During 2022, high mortgage rates, home price appreciation, and inflation began to negatively impact overall consumer confidence and demand in the housing market. Cooling demand was reflected in Zonda’s December New Home Market Update, which indicated the count of new homes sold in November represented a 10.6% decline from the previous month and a 35.9% decrease from the same period in 2021.
Due to current market conditions, many builders have shifted away from a full-steam-ahead approach to land acquisition, instead taking a more cautious path with a focus on developing land within the existing pipeline rather than acquiring land at a rapid pace.
During Zonda’s National Housing Update webinar in November, senior managing principal Tim Sullivan said nearly 60% of builders were “cautiously moving forward” with their land acquisition strategy, with a quarter of builders pausing completely on land deals. Only 2% of builders said they were continuing to move “full steam ahead” in regard to land acquisition. Sullivan said many builders are “pausing deals in the outskirts” while focusing on land acquisition within core operating markets.

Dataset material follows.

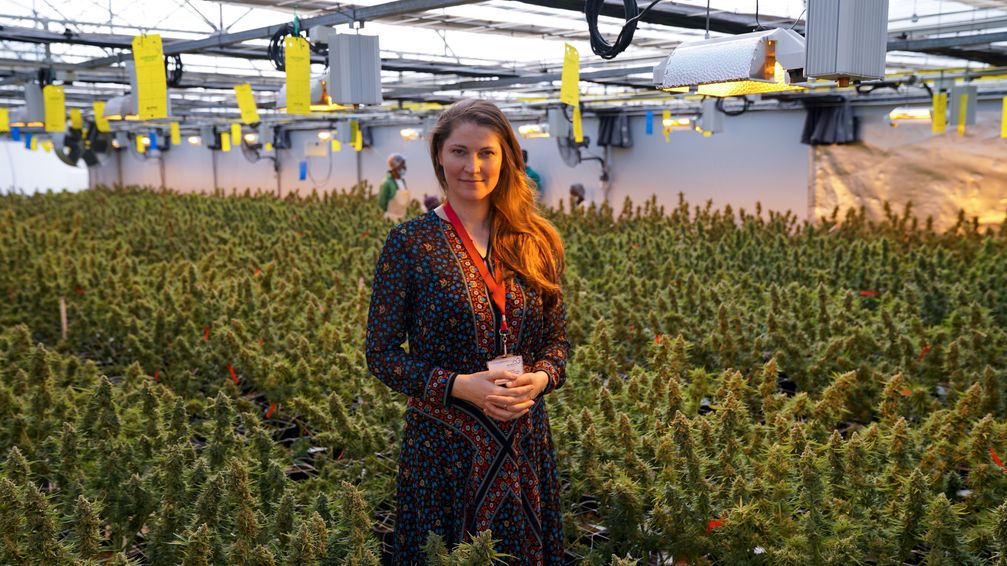 Lana Korneva, GF DRAPALIN, in der Grow Facility von MG HealthBild: Drapalin Pharmaceuticals GmbH Fotograf: Basti Stellmach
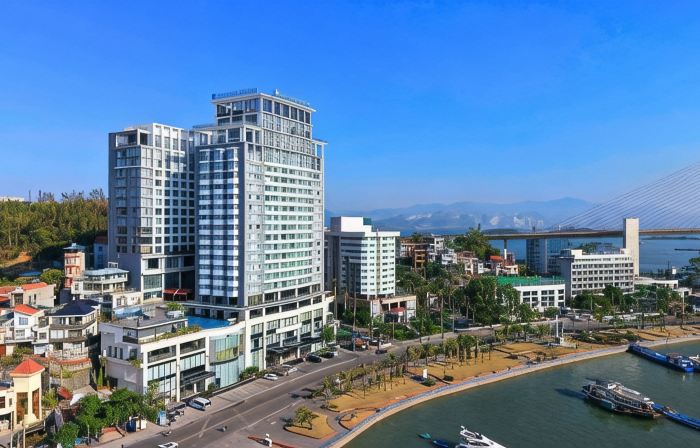 Khách sạn Wyndham Legend Halong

“Tri Pointe Homes is being conservatively opportunistic,” says Tom Mitchell, president and chief operating officer of Tri Pointe Homes. “Our strong land pipeline gives us future supply and affords us the ability to be opportunistic on new land acquisition, all while staying focused on ‘A’ locations and growing our premium entry-level segment of homes.”
Many builders, including Taylor Morrison and Tri Pointe Homes, have moderated the pace of starts to reflect current demand conditions while employing a cautious, selective approach toward new land acquisition. Erik Heuser, executive vice president and chief corporate operations officer for Taylor Morrison, says the builder has adjusted its capital allocation by “pulling back” on land investment, prioritizing the health of the company balance sheet, and remaining “highly selective” in new land spend.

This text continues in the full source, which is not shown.